However, gff2gbSmallDNA.pl line 106 removes anything following the first # in a GFF line, which in our case leaves just the individual name (and completely breaks both Augustus and BUSCO).

One could argue that # is an eclectic choice for a field separator, but all the sensible ones have already been taken in e.g. the names of individuals etc, hence (I think) why PanSN recommends the # delimiter. Given that I'm pretty sure GFF files never have in-line comments, would you consider changing the line linked above to remove only comments that start at the start of a line?

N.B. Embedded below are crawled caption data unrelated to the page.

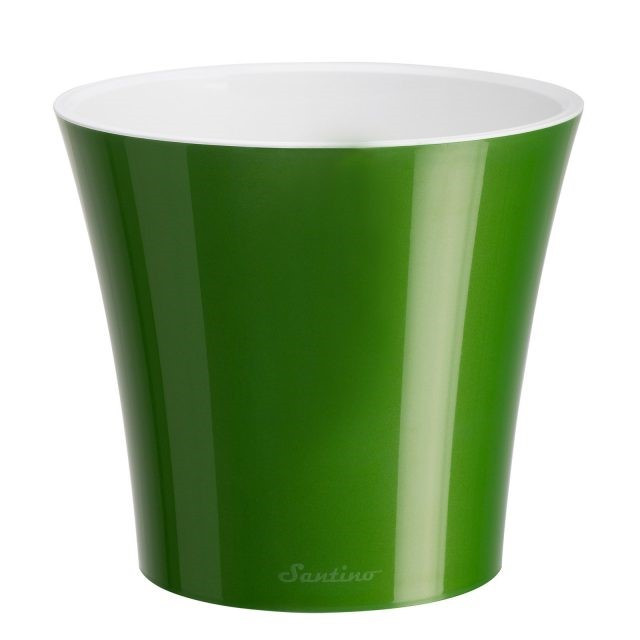 Горшок пластмассовый двойной зеленое золото + белый, 5,0 литров, диаметр 22 см, высота 20 см (Остаток 2 шт !!) - фото 1 - id-p146811621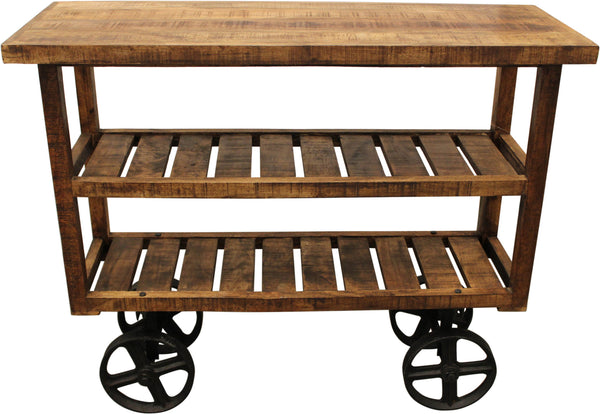 Homeroots 48" Brown And Black Solid Wood Distressed Wheel Console Table With Storage   488851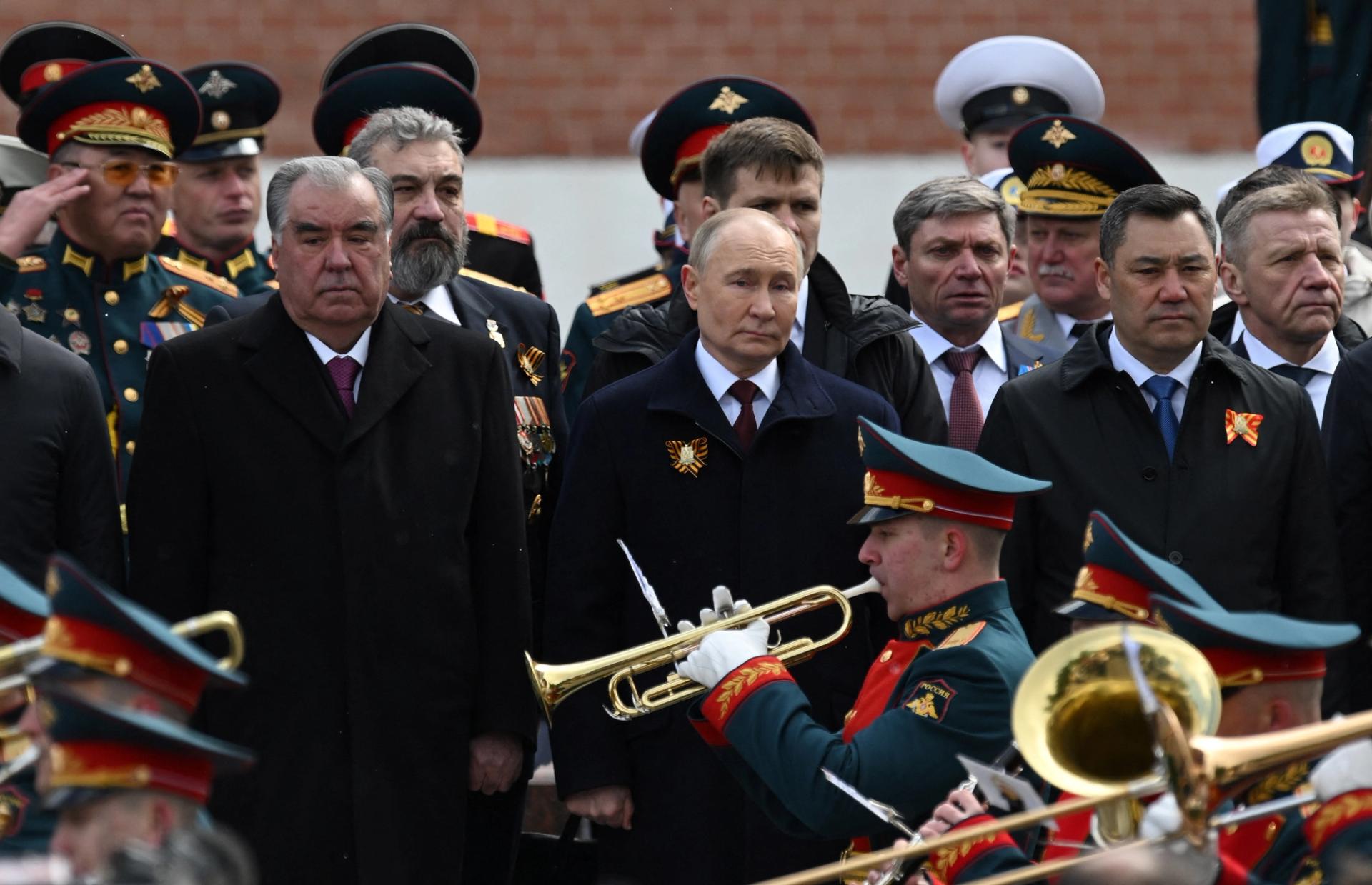 Tajik President Emomali Rakhmon, Russian President Vladimir Putin and Kyrgyz President Sadyr Japarov take part in a flower-laying ceremony at the Tomb of the Unknown Soldier on Victory Day, which marks the 79th anniversary of the victory over Nazi Germany in World War Two, in central Moscow, Russia, May 9, 2024. Sputnik/Maxim Blinov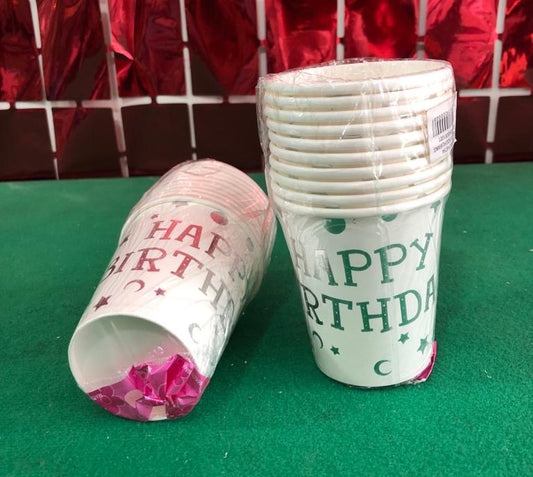 Vasos desechables con diseños happy birthday 10pcs. VS41
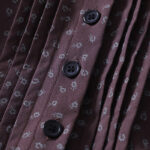 Buddha Stones Printing Floral Pattern Accordion Pleats Design Cotton Linen Midi Dress With Pockets - image 12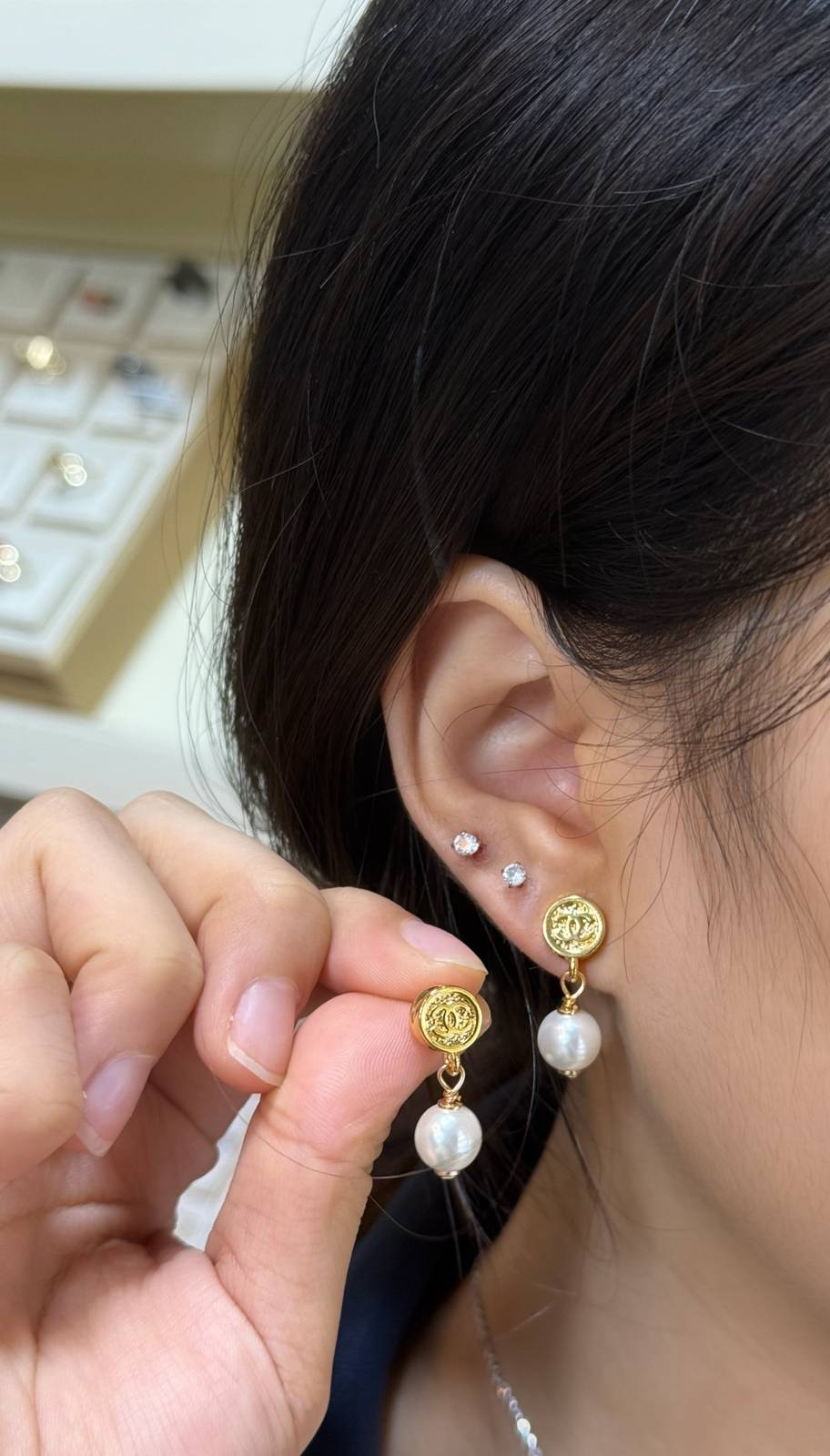 CHANEL シャネル レディース ピアス CCロゴ パール ブランドピアス 上品なアクセサリー ゴールド - 画像 7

I'm tagging @ekg here as perhaps changing the recommended PanSN delimiter (e.g. to ~ or !) would be a more complete solution?

In any case for now I've changed line 106 to s/^#//;, i.e. only remove comments from the start of the line, which has fixed the issue for me.

Best, Kevin

kdm9 avatar Jul 18 '22 13:07 kdm9

There is software, like the parser https://agat.readthedocs.io/en/latest/gxf.html that allows comments elsewhere than at at the start of the line. The Sanger allows such in-line comments in their GFF spec: https://web.archive.org/web/20010208224442/http://www.sanger.ac.uk:80/Software/formats/GFF/GFF_Spec.shtml

Your solution might brake inputs from programs that use such comments, but it appears that the could be a compromise where one considers # as comment introducing if there were already 7 tabs before it in a line.

MarioStanke avatar Jul 19 '22 15:07 MarioStanke